Start of Dataset excerpts

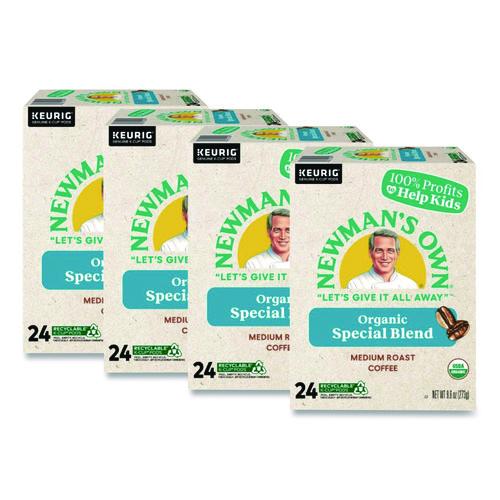 Image of Newman's Own® Organics 5000373975 Special Blend Coffee K-Cups, 96/Carton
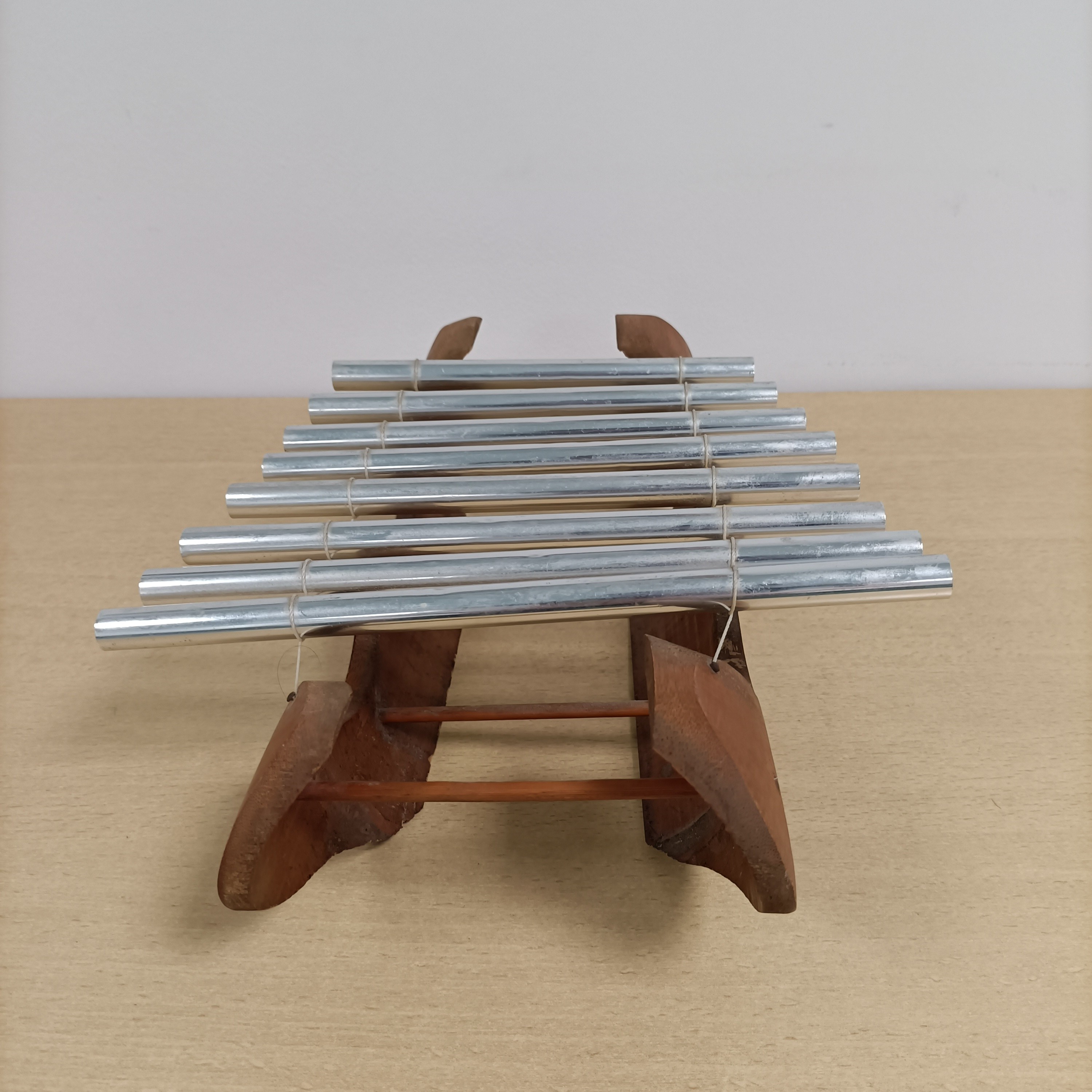 Kalimba sanza artisanale en bois massif instrument de musique ethnique déco vintage Très bon état - Vue 8 - 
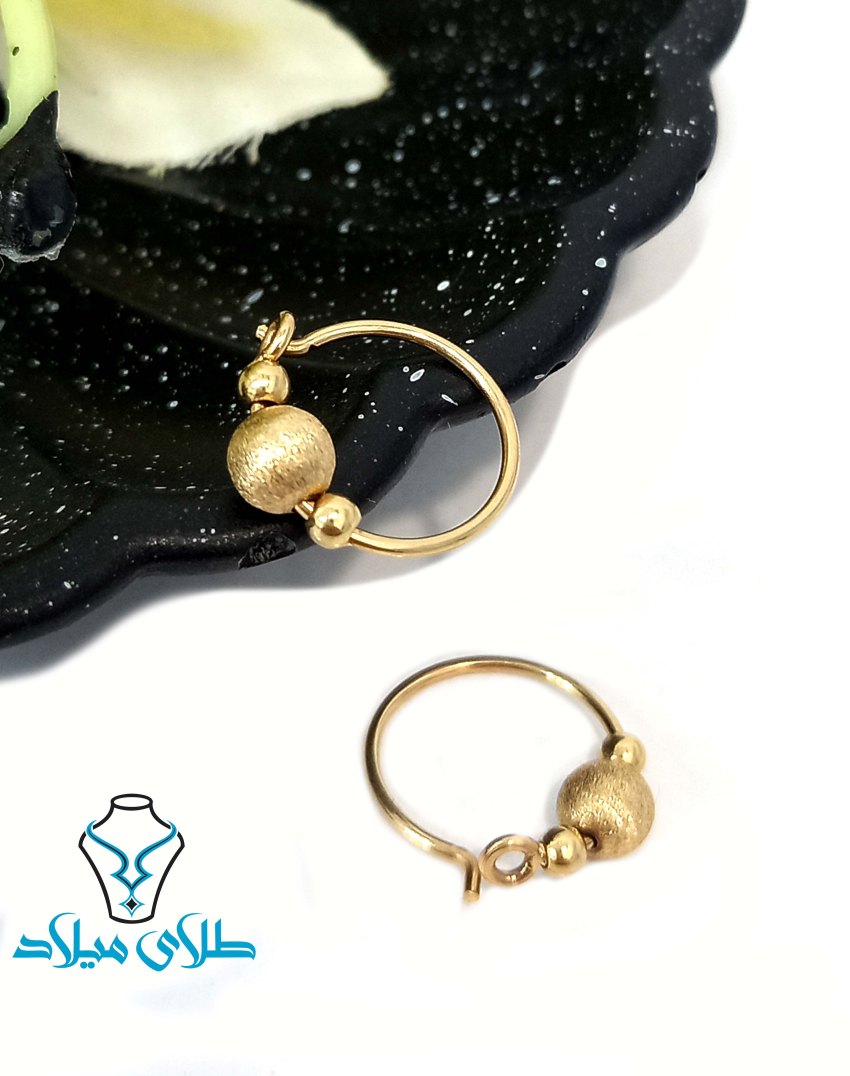 گوشواره حلقه ای آتاناز · گوشواره حلقه‌ ای · 18 عیار · 1.61 گرم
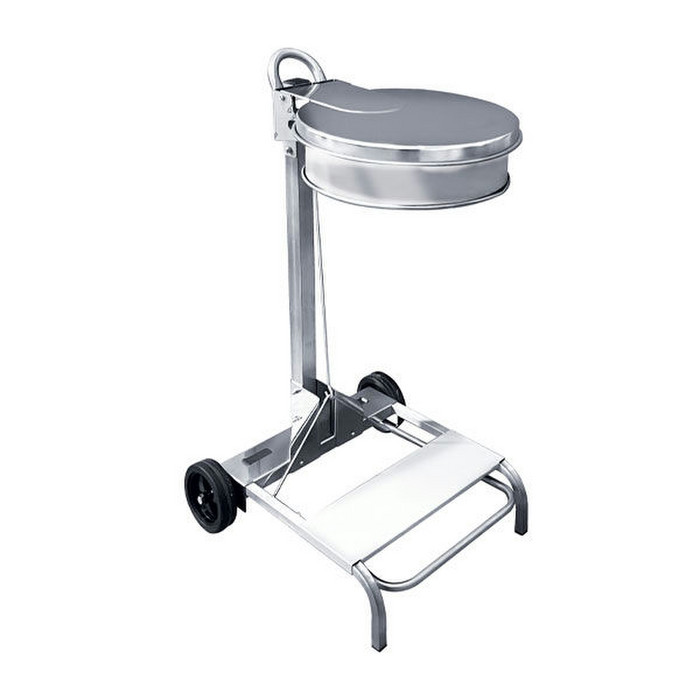 SUPPORT SAC MOBILE 110L INOX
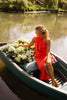 Enidra | Midikleid mit Halter und Schlitz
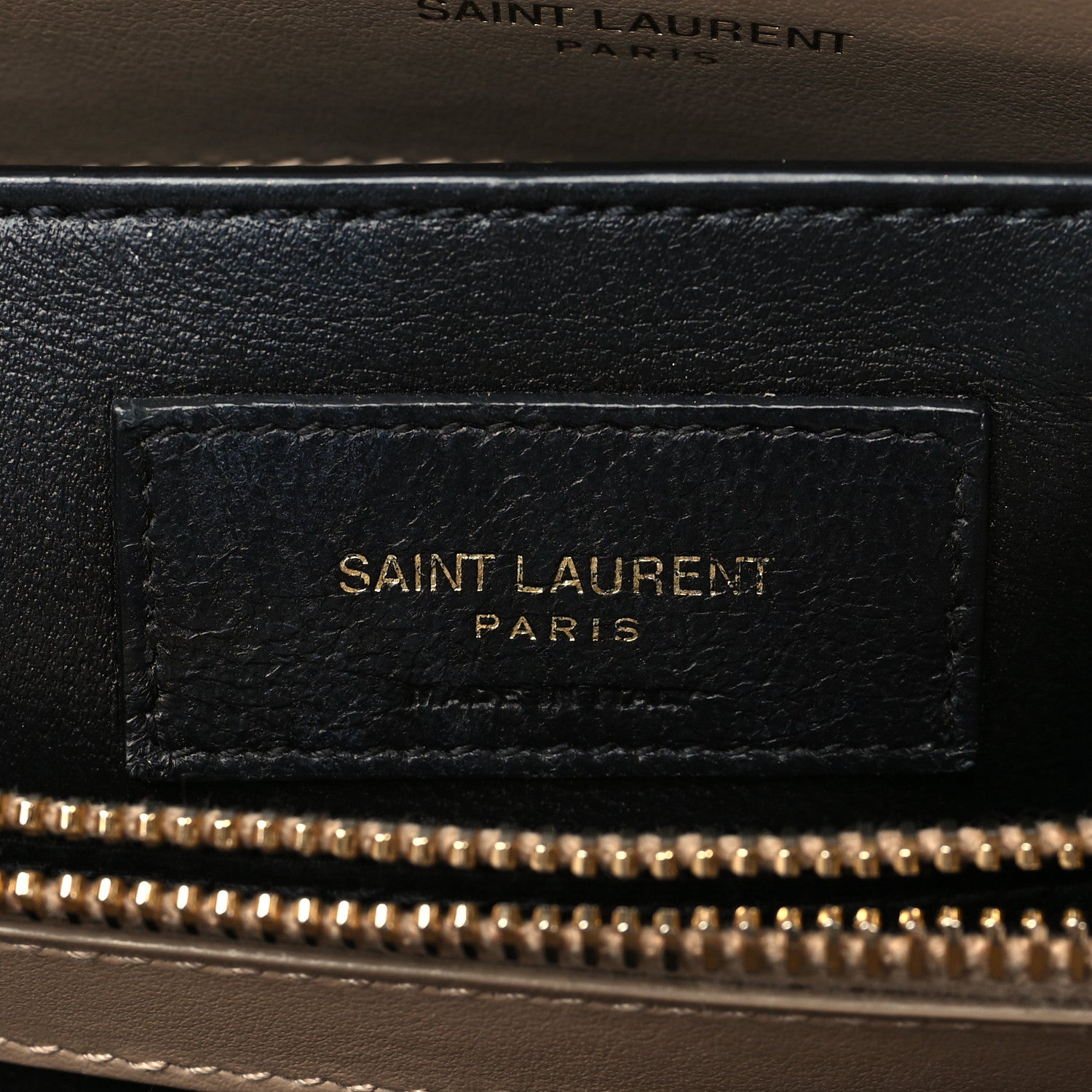 Saint Laurent Calfskin Y Quilted Monogram Small Loulou Chain Satchel Dark Beige 5 of 7
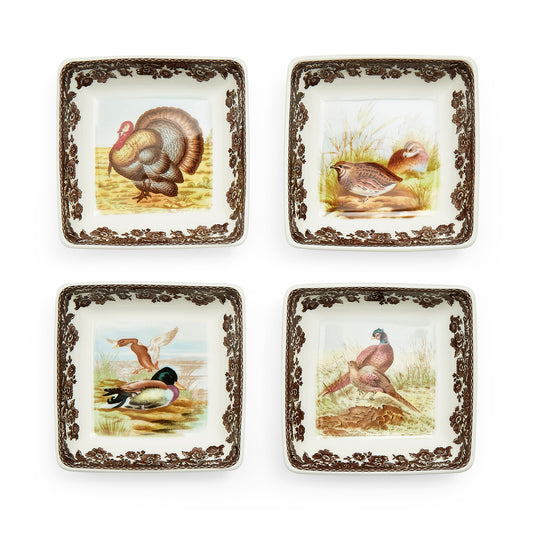 Woodland Square Dishes (Set of 4)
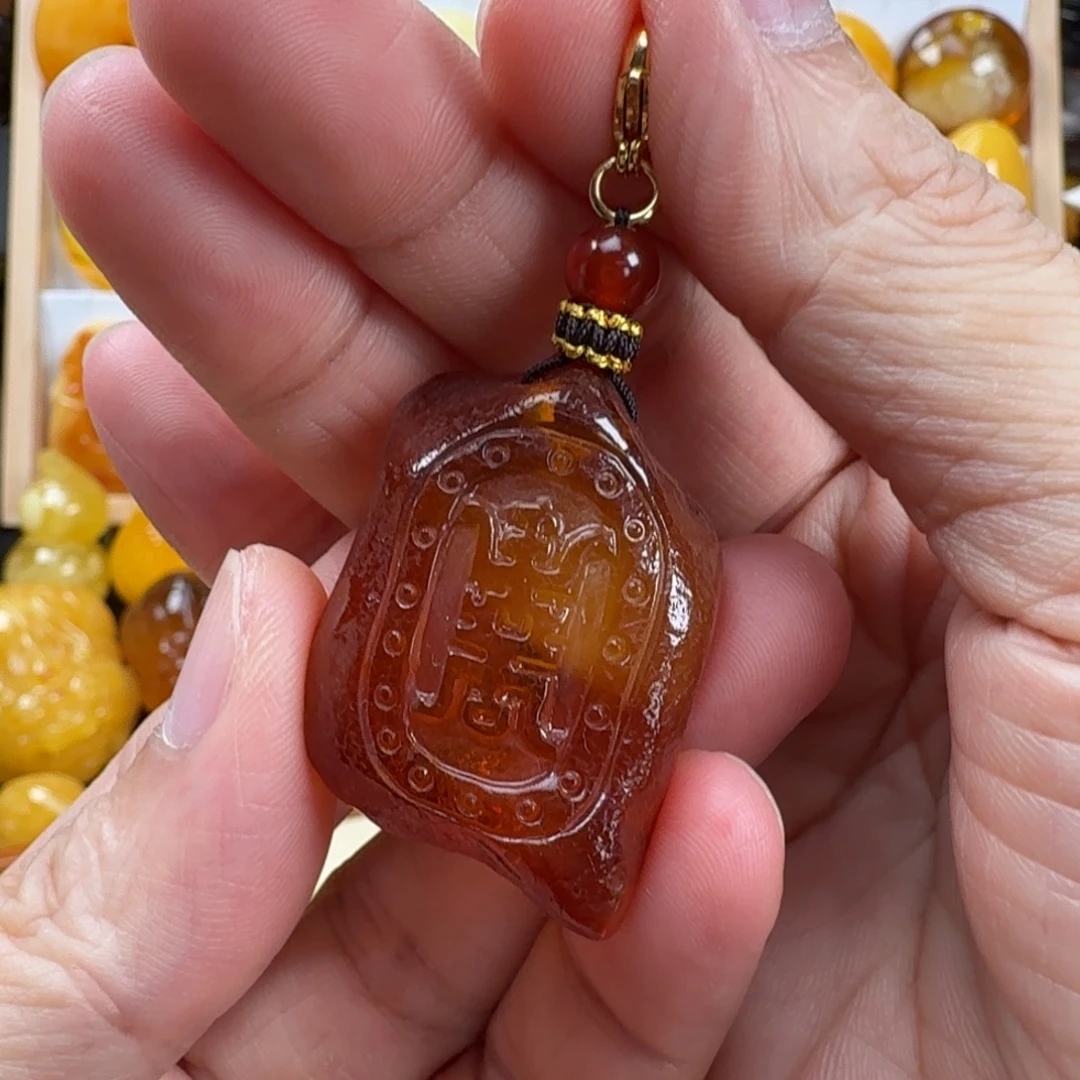 蜜蜡颈饰未镶嵌蜜蜡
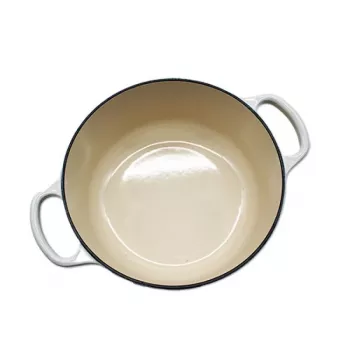 Le Creuset Signature apvalus kepimo indas baltas 20 cm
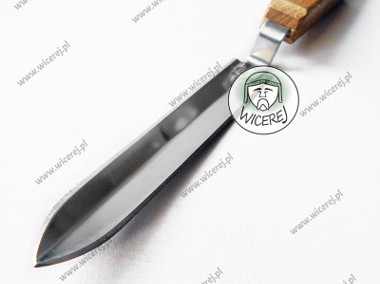 Nóż do Odsklepiania Nierdzewny z Profilowanym Ostrzem 20cm hartowany-1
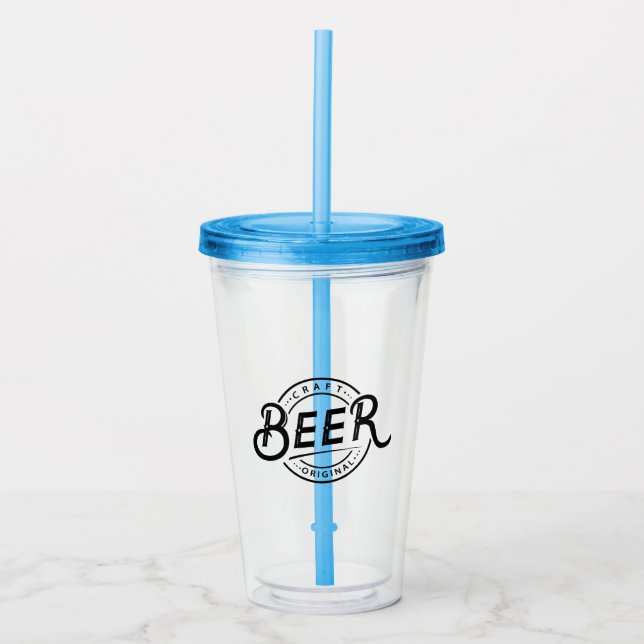 Personalized Acrylic Logo Tumbler (Front)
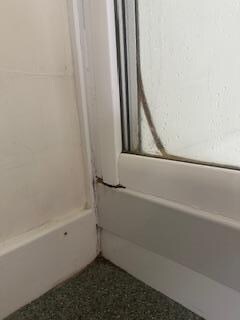 Moldy bathroom
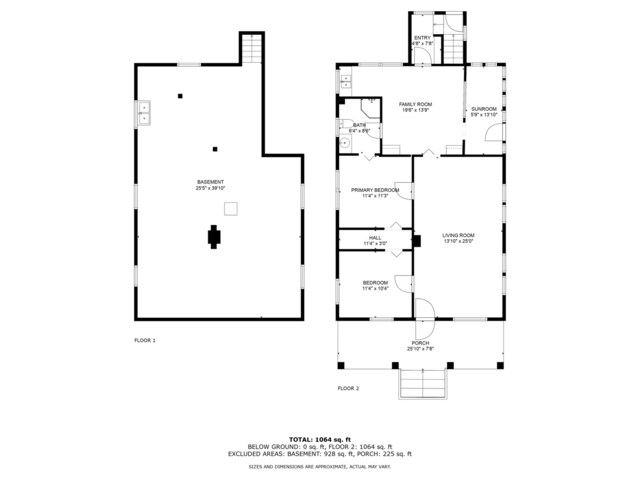 112 W 1st St, Streator, IL 61364 - floor plan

End of Dataset excerpts

» **Task goal**:
Instructions for the listing above: set down every entry exactly and drop any image.

» **Solution below**:
 Image of Newman's Own® Organics 5000373975 Special Blend Coffee K-Cups, 96/Carton
 Kalimba sanza artisanale en bois massif instrument de musique ethnique déco vintage Très bon état - Vue 8 - 
 گوشواره حلقه ای آتاناز · گوشواره حلقه‌ ای · 18 عیار · 1.61 گرم
 SUPPORT SAC MOBILE 110L INOX
 Enidra | Midikleid mit Halter und Schlitz
 Saint Laurent Calfskin Y Quilted Monogram Small Loulou Chain Satchel Dark Beige 5 of 7
 Woodland Square Dishes (Set of 4)
 蜜蜡颈饰未镶嵌蜜蜡
 Le Creuset Signature apvalus kepimo indas baltas 20 cm
 Nóż do Odsklepiania Nierdzewny z Profilowanym Ostrzem 20cm hartowany-1
 Personalized Acrylic Logo Tumbler (Front)
 Moldy bathroom
 112 W 1st St, Streator, IL 61364 - floor plan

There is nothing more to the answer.